Rearranging the terms of Equation 45 yields

$l_{ij}=\frac{a_{ij}-\displaystyle\sum_{p=1}^{j-1}l_{ip}u_{pj}}{u_{jj}},% \operatorname{where}i>j$ | (46) |

and

$u_{ij}=a_{ij}-\displaystyle\sum_{p=1}^{i-1}l_{ip}u_{pj},\operatorname{where}1\leq j$ | (47) |

Jointly Equation 46 and Equation 47 are referred to as Doolittle’s method of computing the LU decomposition of A. Algorithm 2 implements Doolittle’s method. Calculations are sequenced to compute one row of L followed by the corresponding row of U until A is exhausted. You will observe that the procedure overwrites the subdiagonal portions of A with L and the upper triangular portions of A with U.

for $i=1,\cdots,n$ |

for $j=1,\cdots,i-1$ |

$\alpha=a_{ij}$ |

for $p=1,\cdots,j-1$ |

$\alpha=\alpha-a_{ip}a_{pj}$ |

$a_{ij}=\displaystyle\frac{\alpha}{a_{jj}}$ |

for $j=i,\cdots,n$ |

$\alpha=a_{ij}$ |

for $p=1,\cdots,i-1$ |

$\alpha=\alpha-a_{ip}a_{pj}$ |

$a_{ij}=\alpha$ |

Figure 1 depicts the computational sequence associated with Doolittle’s method.

Two loops in the Doolittle algorithm are of the form

$\alpha=\alpha-a_{ip}a_{pj}$ | (48) |

These loops determine an element of the factorization l_{ij} or
u_{ij} by computing the dot product of a partial column vector in U
and partial row vector in L. As such, the loops perform an inner product accumulation.
These computations have a numerical advantage over the gradual accumulation of
l_{ij} or u_{ij} during each stage of Gaussian elimination
(sometimes referred to as a partial sums accumulation). This advantage is based on the fact the product
of two single precision floating point numbers is always computed with double precision
arithmetic (at least in the C programming language). Because of this, the product
a_{ip}a_{pj} suffers no loss of precision.
If the product is accumulated in a double precision variable $\alpha$, there is no loss of precision
during the entire inner product calculation. Therefore, one double precision variable can preserve the
numerical integrity of the inner product.

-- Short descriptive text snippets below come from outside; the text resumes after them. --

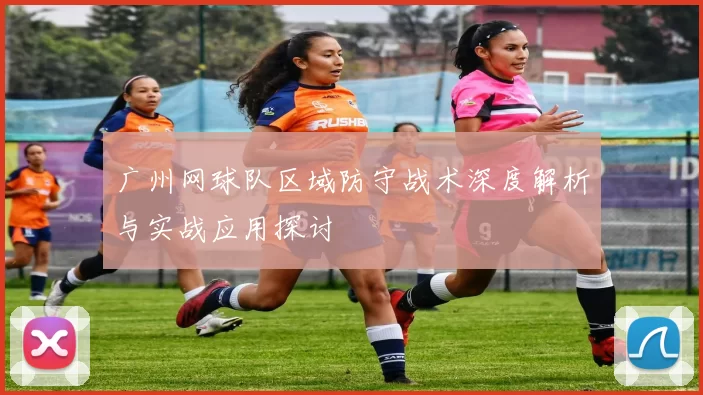 广州网球队区域防守战术深度解析与实战应用探讨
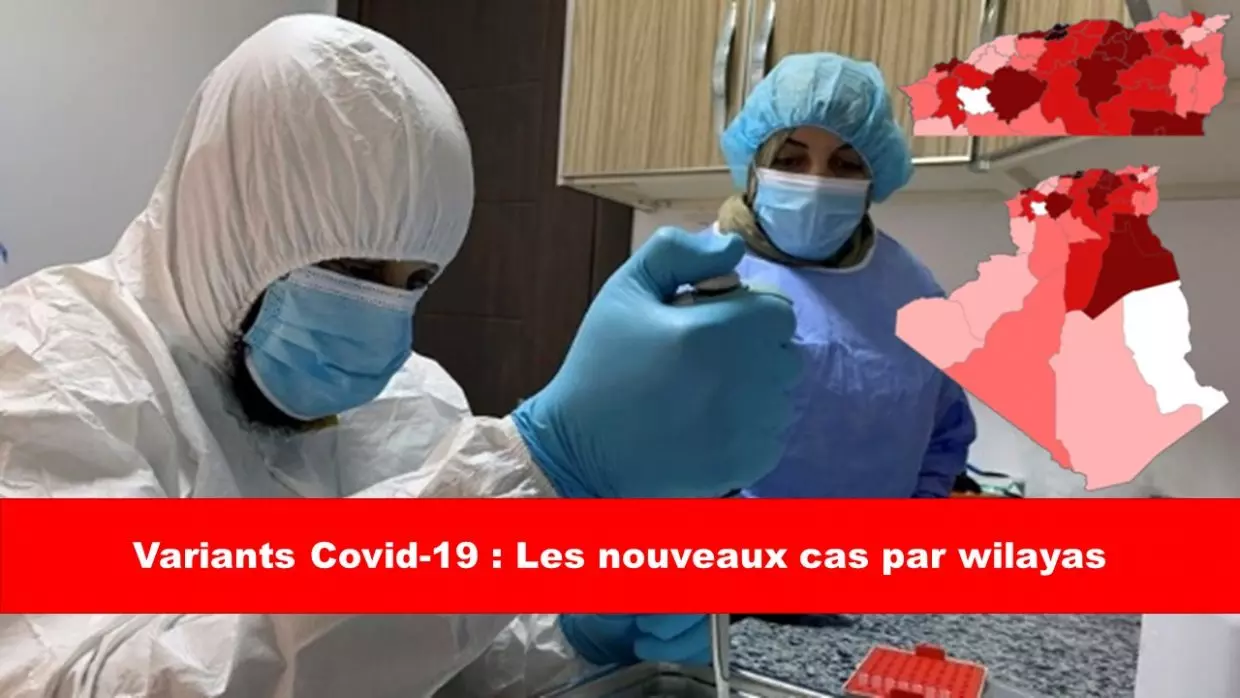 Variants Covid-19 en Algérie : Les nouveaux cas par wilayas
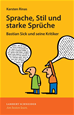 Téléchargez le livre numérique:  Sprache, Stil und starke Sprüche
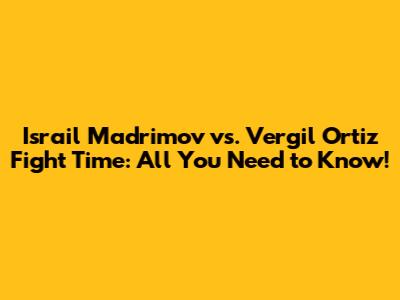 Israil Madrimov vs. Vergil Ortiz Fight Time: All You Need to Know!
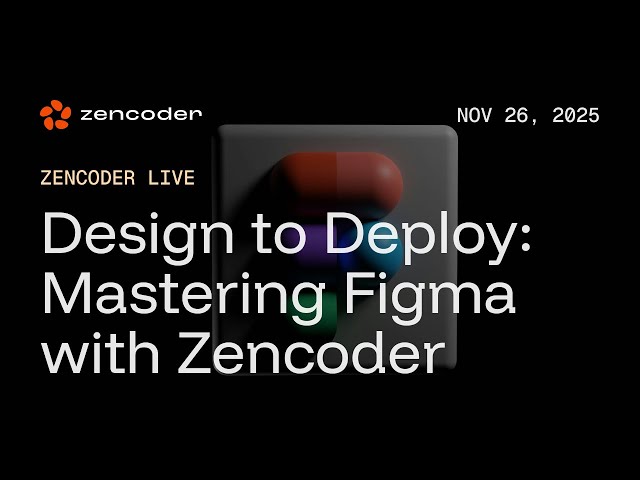 Design to Deploy: Mastering Figma with Zencoder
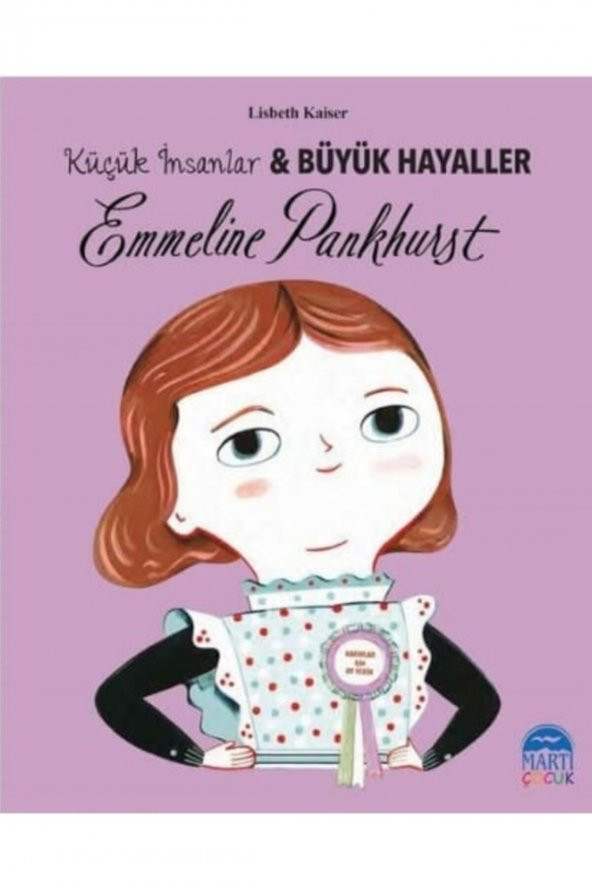 Kaknüs Yayınları Emmeline Pankhurst -küçük Insanlar Ve Büyük Hayaller
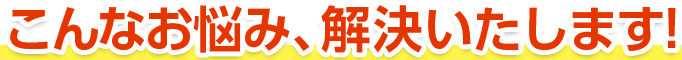 こんなお悩み、解決いたします!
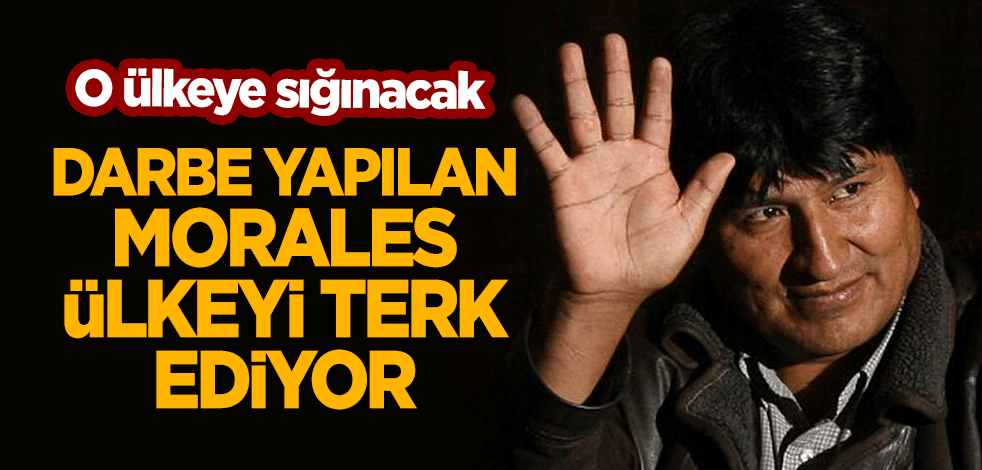 Bolivya'da darbe ile iktidardan indirilen Morales, ülkeyi terk ediyor!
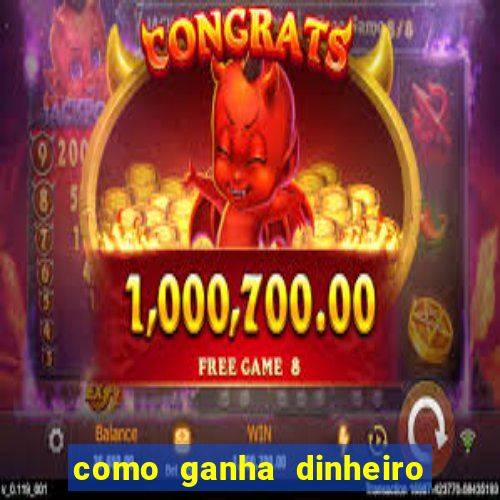 como ganha dinheiro em jogos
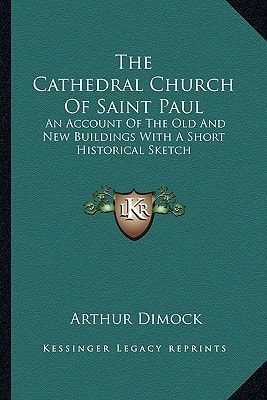 The Cathedral Church Of Saint Paul: An Account Of The Old And New Buildings With A Short Historical Sketch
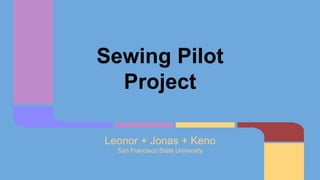 Sewing Pilot
Project
Leonor + Jonas + Keno
San Francisco State University
 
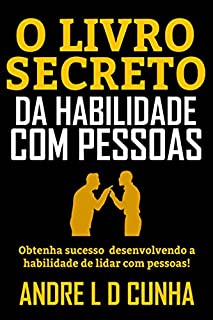 Livro O LIVRO SECRETO DA HABILIDADE COM PESSOAS: Obtenha Sucesso e Vantagens Desenvolvendo a Habilidade de Lidar com Pessoas!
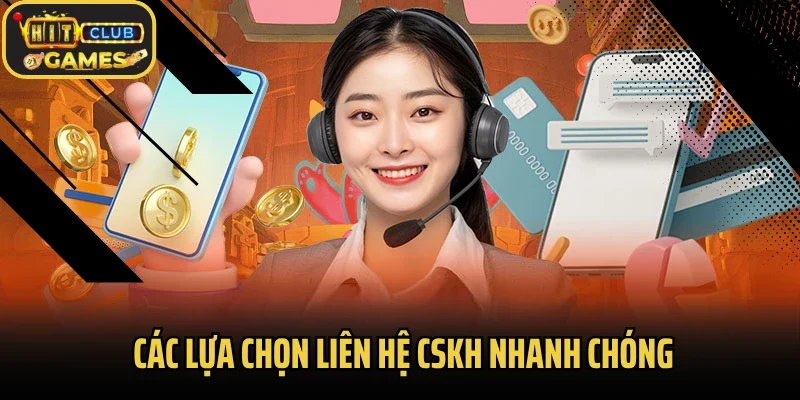 Các lựa chọn liên hệ CSKH nhanh chóng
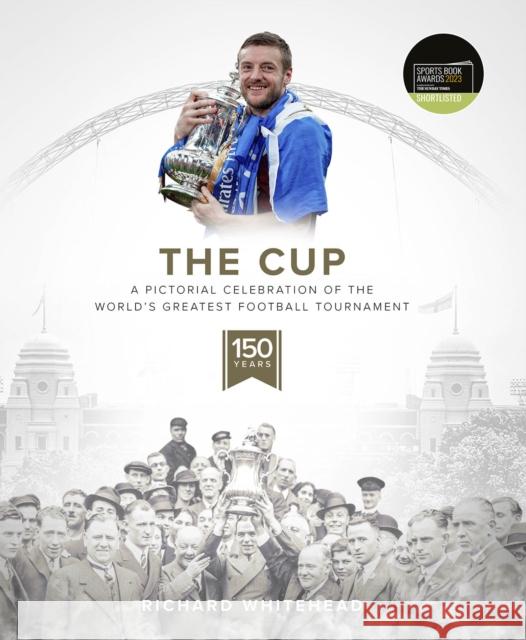 The Cup: A Pictorial Celebration of the World's Greatest Football Tournament Richard Whitehead 9781801500630 Pitch Publishing Ltd - książka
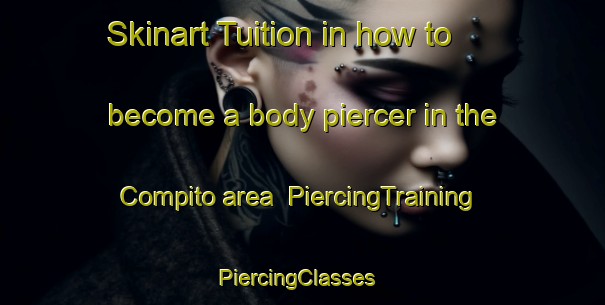 Skinart Tuition in how to become a body piercer in the Compito area | PiercingTraining | PiercingClasses | SkinartTraining-Italy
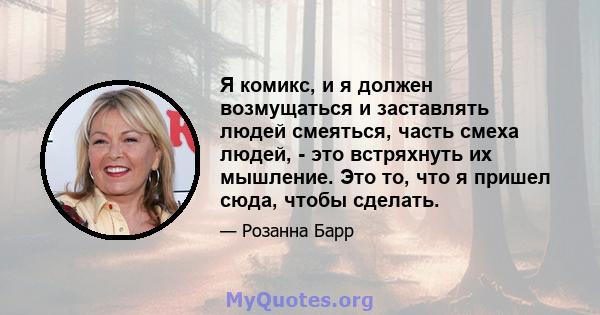 Я комикс, и я должен возмущаться и заставлять людей смеяться, часть смеха людей, - это встряхнуть их мышление. Это то, что я пришел сюда, чтобы сделать.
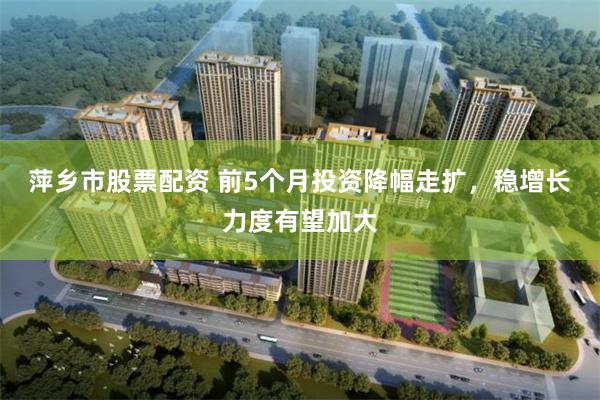 萍乡市股票配资 前5个月投资降幅走扩,稳增长力度有望加大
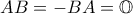 \displaystyle{AB=-BA=\mathbb{O}}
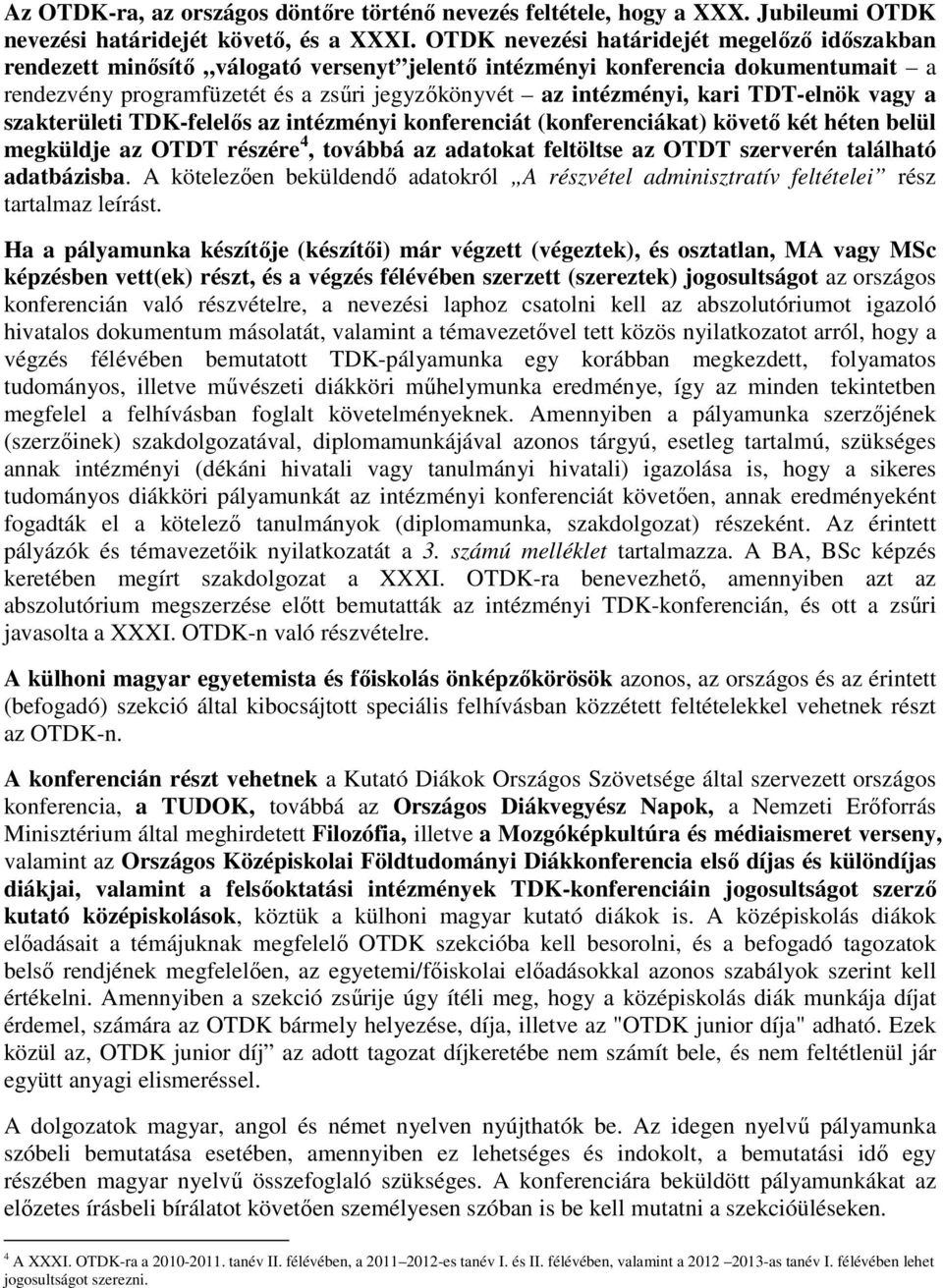 kari TDT-elnök vagy a szakterületi TDK-felelıs az intézményi konferenciát (konferenciákat) követı két héten belül megküldje az OTDT részére 4, továbbá az adatokat feltöltse az OTDT szerverén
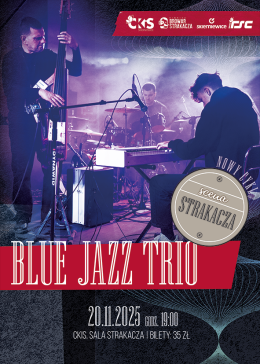 Skierniewice Wydarzenie Koncert Scena Strakacza - Blue Jazz Trio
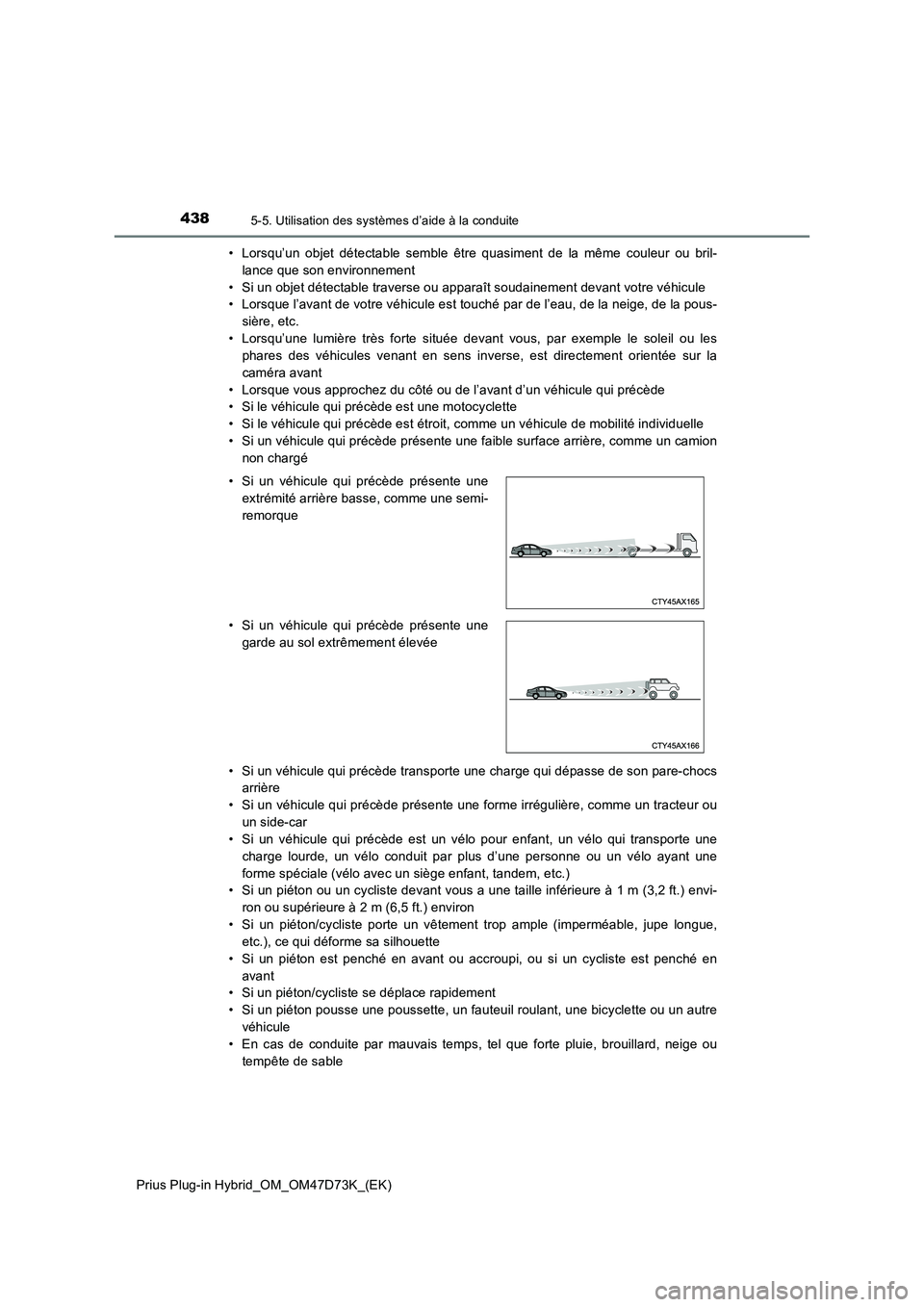 TOYOTA PRIUS PLUG-IN HYBRID 2021 Manuel du propriétaire (in French) 4385-5. Utilisation des systèmes d’aide à la conduite
Prius Plug-in Hybrid_OM_OM47D73K_(EK)• Lorsqu’un objet détectable semble être quasiment de la même couleur ou bril-
lance que son envir TOYOTA PRIUS PLUG-IN HYBRID 2021 Manuel du propriétaire (in French) 4385-5. Utilisation des systèmes d’aide à la conduite
Prius Plug-in Hybrid_OM_OM47D73K_(EK)• Lorsqu’un objet détectable semble être quasiment de la même couleur ou bril-
lance que son envir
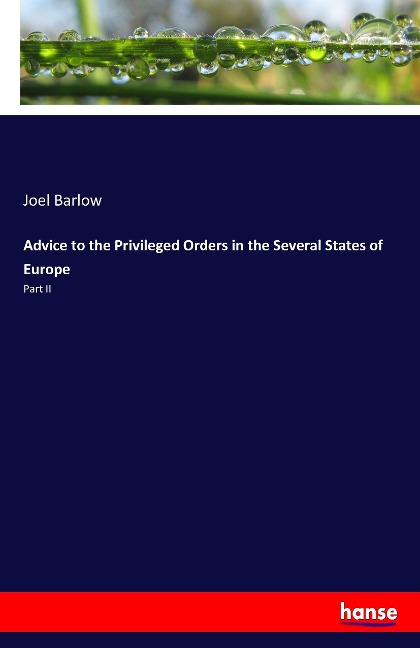 Advice to the Privileged Orders in the Several States of Europe: Part II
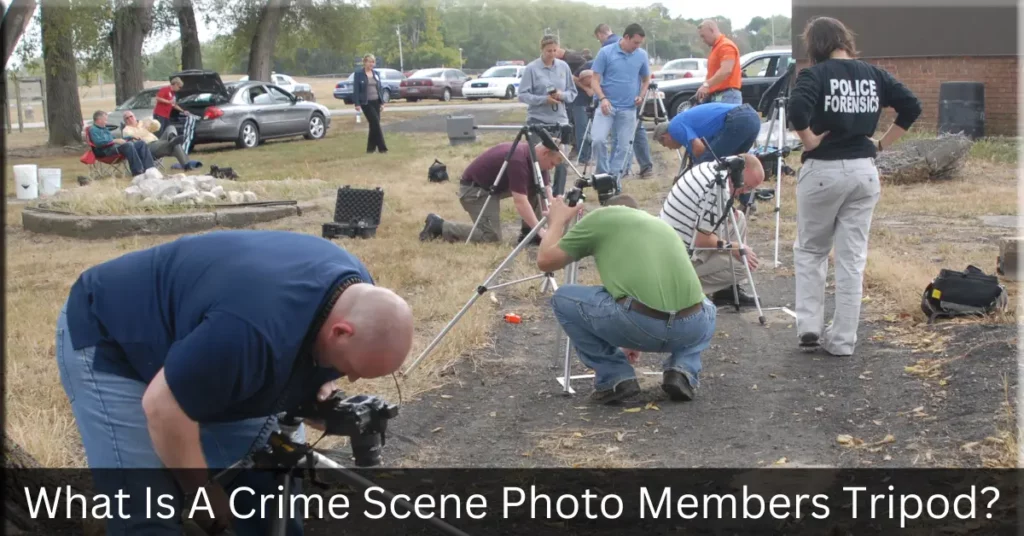 What Is A Crime Scene Photo Members Tripod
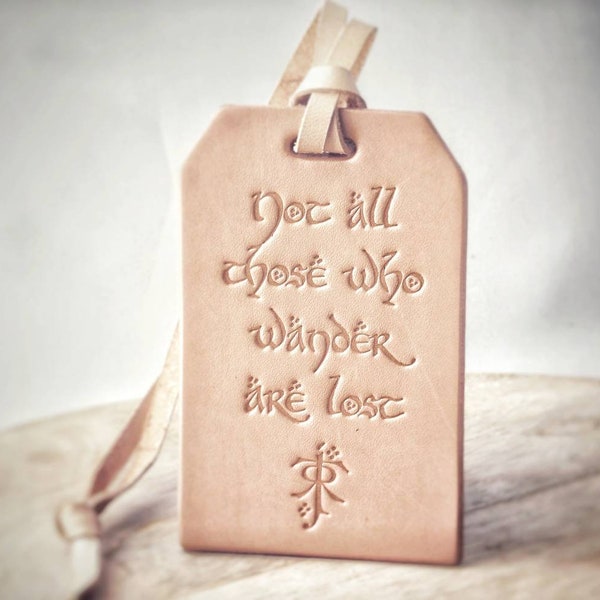 Leather Luggage Tag - Not All Those Who Wander Are Lost, A Great Farewell Gift, Travel Gift or Graduation Gift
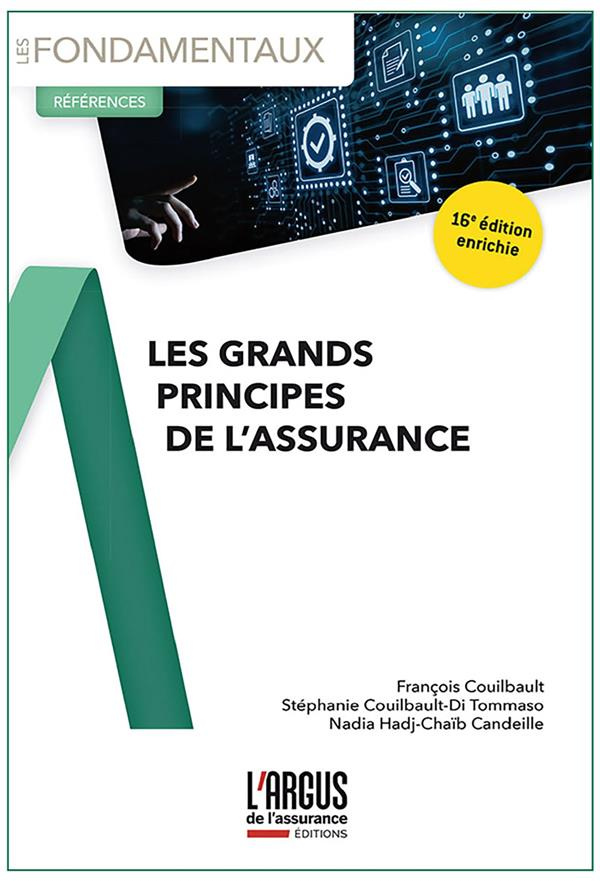 Les grands principes de l'assurance. 16e édition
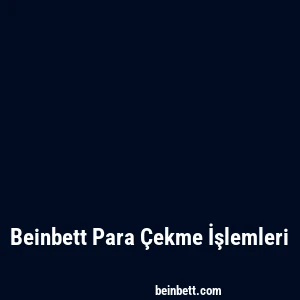 Beinbett Para Çekme İşlemleri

Recalling the partial sum accumulation loop of the elimination-based procedure,

$a_{ij}=a_{ij}-\alpha w_{j}$ |

You will observe that truncation to single precision must occur each time a${}_{ij}$ is updated unless both A and w are stored in double precision arrays.

The derivation of Equation 46 and Equation 47 is discussed more fully in Conte and de Boor [3].